Saturday, October 11, 1975

Saturday Night Live premiered: October 11, 1975

Originally posted October 11, 2011.



In 1975, a late night show called NBC’s Saturday Night began its run on television. That show became better known as Saturday Night Live and is still airing 700+ episodes and 37 seasons later. The show has snagged 21 Emmys, a Peabody, and three Writers Guild of America awards. It also been inducted into the National Association of Broadcasters Hall of Fame and ranked by TV Guide as one of the top 50 shows of all time.

The show was built around sketch comedy featuring the show’s regular cast of “Not Ready for Prime Time Players” alongside weekly guest hosts. Some of the most popular sketches went on to become full-length feature movies such as The Blues Brothers and Wayne’s World. However, the show also became well known for its live musical guests.

Among the most frequent musical guests are Beck, Eminem, Foo Fighters, Dave Matthews, Randy Newman, Tom Petty, Paul Simon, and James Taylor, all of whom have appeared at least five times. Dave Grohl has appeared more than any other musical guest – ten in all. In addition to his six appearances with the Foo Fighers, he’s also appeared with Nirvana twice, Them Crooked Vultures once, and with Tomy Petty & the Heartbreakers once.

The shows first episode featured Billy Preston and Janis Ian as musical guests. The first season also featured Abba, Jimmy Cliff, Art Garfunkel, Al Jarreau, Anne Murray, Randy Newman, Martha Reeves, Leon Russell, Neil Sedaka, Carly Simon, Paul Simon, Patti Smith, and Bill Withers.
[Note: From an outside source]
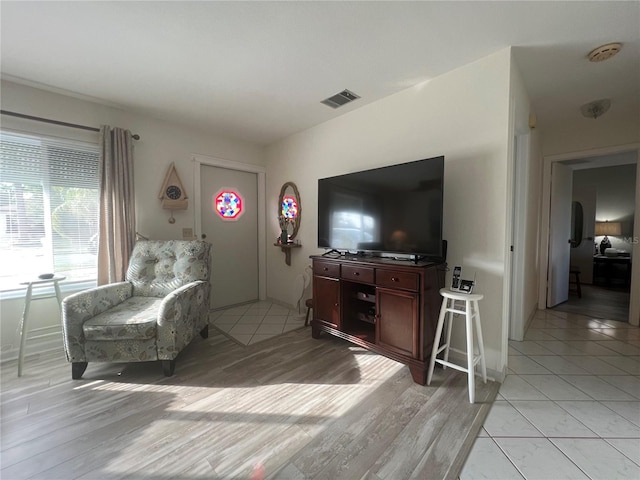 living room featuring light hardwood / wood-style flooring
Among the more infamous musical moments on the show are appearances by guests who were banned for their antics. Perhaps the most infamous was Sinead O’Connor’s a cappela performance of Bob Marley’s “War” after which she tore up a picture of the Pope and asked the audience to fight the real enemy.

Early on in SNL’s history, Elvis Costello was banned after playing “Radio Radio” when he was supposed to play “Less Than Zero” on December 17, 1977. However, all was forgiven when he appeared on the 25th anniversary mocking his original appearance. He interrupted the Beastie Boys just as they were starting to play “Sabotage” and then they joined him for “Radio Radio”.